→ **TASK INSTRUCTIONS**
Given the listing below, write out exactly the lines starting with the line that has "Can- Dark Brown" and going on through the line that has "Immortal NYC Re-Bond", both kept.

→ **DATA TO EXAMINE**
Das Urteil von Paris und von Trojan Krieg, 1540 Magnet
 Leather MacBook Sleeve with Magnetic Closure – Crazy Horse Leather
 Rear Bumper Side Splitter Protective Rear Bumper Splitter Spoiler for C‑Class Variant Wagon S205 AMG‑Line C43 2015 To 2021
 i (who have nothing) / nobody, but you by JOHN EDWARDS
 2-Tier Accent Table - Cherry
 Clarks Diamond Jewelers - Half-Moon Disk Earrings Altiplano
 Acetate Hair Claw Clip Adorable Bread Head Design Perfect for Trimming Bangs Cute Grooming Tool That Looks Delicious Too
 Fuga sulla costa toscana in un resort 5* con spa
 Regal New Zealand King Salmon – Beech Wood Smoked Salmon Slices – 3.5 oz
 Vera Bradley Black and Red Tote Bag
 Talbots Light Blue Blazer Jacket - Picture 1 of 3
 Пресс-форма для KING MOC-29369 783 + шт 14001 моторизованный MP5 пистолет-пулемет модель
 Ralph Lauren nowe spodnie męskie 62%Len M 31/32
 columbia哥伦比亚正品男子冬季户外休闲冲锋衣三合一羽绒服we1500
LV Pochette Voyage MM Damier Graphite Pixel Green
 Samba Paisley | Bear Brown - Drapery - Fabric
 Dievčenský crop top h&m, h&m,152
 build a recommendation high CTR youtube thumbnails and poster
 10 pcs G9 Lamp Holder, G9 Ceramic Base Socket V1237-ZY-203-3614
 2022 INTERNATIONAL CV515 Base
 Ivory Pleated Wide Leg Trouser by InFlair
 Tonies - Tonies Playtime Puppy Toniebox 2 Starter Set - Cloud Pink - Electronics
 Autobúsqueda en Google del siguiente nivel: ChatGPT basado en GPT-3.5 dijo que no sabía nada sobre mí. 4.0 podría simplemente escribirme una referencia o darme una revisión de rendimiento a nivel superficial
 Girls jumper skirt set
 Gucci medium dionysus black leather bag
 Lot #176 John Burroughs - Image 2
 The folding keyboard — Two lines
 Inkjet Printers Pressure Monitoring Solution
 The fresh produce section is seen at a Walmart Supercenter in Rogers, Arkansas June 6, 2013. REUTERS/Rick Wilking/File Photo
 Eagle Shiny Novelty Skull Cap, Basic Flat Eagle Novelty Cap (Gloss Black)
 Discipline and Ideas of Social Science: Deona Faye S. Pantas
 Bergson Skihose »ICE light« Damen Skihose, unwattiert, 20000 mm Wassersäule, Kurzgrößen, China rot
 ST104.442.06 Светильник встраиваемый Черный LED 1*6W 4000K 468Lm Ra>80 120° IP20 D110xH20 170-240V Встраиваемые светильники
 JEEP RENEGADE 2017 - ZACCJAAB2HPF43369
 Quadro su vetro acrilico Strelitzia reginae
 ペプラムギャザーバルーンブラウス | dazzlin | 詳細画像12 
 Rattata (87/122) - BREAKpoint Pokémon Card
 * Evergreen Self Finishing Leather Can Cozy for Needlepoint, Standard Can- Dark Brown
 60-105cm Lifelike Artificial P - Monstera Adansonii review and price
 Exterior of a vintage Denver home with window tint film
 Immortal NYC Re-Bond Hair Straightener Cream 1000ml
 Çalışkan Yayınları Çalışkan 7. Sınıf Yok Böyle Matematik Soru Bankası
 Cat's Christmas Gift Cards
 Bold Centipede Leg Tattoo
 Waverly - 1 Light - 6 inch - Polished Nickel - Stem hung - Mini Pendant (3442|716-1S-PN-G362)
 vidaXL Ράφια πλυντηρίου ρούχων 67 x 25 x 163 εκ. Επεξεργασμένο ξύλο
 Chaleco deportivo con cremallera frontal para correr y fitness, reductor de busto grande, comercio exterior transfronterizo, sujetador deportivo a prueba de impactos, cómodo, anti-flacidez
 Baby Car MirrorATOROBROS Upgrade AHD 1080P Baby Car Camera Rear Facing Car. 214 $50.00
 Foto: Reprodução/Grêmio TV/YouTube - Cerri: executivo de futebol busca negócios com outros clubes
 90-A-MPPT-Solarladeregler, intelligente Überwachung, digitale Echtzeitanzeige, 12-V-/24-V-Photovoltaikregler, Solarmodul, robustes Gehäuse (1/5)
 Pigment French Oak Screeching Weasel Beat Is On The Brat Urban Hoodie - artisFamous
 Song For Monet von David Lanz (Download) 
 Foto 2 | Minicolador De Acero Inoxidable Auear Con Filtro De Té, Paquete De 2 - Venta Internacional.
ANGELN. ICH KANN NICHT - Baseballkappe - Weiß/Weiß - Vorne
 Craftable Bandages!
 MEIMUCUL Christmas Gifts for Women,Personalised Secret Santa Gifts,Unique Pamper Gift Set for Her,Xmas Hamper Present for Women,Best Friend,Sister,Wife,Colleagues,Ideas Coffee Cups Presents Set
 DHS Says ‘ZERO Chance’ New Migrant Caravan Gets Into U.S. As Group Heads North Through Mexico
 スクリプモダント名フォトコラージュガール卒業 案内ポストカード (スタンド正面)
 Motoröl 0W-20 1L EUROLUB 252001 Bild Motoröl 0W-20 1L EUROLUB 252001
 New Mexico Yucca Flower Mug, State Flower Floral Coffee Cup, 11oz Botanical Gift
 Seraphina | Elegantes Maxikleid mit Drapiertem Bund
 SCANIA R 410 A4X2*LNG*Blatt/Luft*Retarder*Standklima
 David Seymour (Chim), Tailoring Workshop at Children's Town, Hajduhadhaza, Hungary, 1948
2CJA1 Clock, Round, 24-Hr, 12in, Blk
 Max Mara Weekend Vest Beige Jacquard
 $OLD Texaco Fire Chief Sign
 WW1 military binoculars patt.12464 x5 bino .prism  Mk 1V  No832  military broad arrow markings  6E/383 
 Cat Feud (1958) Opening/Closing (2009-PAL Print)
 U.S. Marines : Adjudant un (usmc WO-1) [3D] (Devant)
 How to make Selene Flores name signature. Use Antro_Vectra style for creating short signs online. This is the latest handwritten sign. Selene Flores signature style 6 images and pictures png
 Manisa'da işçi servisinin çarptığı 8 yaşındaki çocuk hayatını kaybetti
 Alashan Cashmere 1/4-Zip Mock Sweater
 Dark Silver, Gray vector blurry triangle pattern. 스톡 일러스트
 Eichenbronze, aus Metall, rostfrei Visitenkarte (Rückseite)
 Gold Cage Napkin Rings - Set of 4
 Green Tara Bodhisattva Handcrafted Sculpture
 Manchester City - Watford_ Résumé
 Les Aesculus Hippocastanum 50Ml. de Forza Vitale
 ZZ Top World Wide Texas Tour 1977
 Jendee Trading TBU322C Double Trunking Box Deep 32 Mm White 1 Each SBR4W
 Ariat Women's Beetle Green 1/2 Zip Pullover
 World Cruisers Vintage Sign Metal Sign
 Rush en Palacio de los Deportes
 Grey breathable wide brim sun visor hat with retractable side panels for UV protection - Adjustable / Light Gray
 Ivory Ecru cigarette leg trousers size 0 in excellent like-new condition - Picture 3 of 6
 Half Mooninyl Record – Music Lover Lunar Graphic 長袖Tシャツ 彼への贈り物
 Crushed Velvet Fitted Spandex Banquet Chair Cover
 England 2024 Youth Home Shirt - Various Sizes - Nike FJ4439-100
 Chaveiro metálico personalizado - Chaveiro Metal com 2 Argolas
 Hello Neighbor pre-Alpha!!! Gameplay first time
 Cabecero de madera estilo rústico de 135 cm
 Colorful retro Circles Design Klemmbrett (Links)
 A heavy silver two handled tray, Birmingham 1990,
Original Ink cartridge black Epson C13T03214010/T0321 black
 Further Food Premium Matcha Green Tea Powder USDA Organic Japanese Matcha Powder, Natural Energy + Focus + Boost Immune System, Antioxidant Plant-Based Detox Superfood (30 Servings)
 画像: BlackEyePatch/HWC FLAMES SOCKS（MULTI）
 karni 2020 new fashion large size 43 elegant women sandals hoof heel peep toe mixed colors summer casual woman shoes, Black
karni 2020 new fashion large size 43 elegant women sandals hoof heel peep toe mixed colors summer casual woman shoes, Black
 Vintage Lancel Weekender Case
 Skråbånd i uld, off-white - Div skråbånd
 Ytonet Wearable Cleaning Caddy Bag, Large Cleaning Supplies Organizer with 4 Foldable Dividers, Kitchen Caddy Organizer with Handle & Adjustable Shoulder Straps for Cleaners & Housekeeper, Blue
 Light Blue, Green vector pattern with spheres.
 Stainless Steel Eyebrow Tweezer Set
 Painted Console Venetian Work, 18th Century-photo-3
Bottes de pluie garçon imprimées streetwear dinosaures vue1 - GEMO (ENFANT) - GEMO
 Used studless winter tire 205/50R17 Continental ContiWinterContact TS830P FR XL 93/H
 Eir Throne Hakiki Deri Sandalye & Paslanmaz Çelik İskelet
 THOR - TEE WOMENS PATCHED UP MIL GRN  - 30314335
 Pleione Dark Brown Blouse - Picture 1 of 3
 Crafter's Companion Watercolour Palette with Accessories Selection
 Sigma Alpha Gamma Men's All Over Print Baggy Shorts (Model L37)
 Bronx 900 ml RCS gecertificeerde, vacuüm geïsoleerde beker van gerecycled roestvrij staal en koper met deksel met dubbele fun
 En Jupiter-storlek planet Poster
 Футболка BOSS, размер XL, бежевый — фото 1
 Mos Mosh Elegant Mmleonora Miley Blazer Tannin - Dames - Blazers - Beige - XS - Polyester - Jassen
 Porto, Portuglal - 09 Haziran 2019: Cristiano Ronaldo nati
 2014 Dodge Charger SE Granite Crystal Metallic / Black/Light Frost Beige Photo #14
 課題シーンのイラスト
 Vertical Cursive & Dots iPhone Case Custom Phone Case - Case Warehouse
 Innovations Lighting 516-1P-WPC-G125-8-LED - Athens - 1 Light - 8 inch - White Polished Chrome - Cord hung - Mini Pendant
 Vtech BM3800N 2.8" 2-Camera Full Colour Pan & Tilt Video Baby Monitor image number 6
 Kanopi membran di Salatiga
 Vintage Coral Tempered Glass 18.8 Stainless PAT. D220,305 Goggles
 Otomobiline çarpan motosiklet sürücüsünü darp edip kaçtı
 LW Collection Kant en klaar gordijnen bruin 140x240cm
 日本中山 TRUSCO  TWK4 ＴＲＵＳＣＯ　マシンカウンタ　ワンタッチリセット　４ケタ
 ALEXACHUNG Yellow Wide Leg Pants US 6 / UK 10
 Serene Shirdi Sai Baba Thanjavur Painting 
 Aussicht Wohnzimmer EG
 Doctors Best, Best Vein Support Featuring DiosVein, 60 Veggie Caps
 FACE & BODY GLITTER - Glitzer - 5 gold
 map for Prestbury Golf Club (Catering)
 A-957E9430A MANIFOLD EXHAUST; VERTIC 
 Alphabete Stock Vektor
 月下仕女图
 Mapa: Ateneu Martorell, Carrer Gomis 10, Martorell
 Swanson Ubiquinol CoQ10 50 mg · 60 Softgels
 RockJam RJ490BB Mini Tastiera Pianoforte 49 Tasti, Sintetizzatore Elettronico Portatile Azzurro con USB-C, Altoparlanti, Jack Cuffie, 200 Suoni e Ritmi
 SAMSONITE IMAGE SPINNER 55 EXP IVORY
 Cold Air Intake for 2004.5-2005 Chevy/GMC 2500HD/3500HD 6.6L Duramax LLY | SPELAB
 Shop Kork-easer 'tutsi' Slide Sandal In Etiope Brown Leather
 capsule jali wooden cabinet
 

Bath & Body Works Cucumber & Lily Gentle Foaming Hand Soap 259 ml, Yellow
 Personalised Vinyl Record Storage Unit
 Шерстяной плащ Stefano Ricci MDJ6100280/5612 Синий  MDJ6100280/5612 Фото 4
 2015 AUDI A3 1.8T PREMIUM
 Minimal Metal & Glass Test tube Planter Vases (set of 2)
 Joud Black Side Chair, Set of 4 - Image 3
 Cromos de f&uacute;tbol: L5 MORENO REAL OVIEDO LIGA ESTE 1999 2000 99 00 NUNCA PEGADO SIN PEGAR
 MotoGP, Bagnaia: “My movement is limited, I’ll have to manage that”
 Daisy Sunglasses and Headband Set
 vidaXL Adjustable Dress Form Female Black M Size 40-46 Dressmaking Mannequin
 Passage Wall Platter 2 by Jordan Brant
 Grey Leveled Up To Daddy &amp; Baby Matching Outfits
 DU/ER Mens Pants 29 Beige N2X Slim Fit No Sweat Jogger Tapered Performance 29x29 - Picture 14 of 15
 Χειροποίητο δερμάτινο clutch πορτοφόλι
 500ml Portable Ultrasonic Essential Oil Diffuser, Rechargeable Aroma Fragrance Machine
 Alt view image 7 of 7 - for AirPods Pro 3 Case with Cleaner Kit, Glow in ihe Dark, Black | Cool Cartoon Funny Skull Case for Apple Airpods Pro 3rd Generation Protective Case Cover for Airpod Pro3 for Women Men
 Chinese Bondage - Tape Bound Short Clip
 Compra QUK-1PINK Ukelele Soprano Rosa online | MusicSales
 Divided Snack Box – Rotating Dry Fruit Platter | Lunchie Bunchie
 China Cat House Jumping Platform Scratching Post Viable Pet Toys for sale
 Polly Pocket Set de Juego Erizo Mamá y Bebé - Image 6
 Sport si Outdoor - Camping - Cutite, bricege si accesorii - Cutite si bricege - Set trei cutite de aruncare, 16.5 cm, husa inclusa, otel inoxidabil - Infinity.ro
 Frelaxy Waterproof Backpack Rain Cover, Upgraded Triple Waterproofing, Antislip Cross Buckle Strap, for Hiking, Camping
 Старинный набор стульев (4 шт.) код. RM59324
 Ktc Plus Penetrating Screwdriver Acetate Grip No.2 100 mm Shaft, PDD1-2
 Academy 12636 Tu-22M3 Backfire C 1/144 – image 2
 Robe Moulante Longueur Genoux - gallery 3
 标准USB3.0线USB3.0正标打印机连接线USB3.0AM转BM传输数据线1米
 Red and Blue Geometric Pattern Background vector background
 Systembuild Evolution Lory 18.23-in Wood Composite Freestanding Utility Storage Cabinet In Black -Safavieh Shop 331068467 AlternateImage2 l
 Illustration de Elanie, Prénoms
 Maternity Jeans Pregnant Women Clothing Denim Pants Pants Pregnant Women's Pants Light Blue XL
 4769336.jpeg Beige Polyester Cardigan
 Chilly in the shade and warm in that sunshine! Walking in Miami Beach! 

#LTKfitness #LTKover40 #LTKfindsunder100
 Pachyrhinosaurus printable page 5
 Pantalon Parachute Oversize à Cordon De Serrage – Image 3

→ **TASK SOLUTION**
 * Evergreen Self Finishing Leather Can Cozy for Needlepoint, Standard Can- Dark Brown
 60-105cm Lifelike Artificial P - Monstera Adansonii review and price
 Exterior of a vintage Denver home with window tint film
 Immortal NYC Re-Bond Hair Straightener Cream 1000ml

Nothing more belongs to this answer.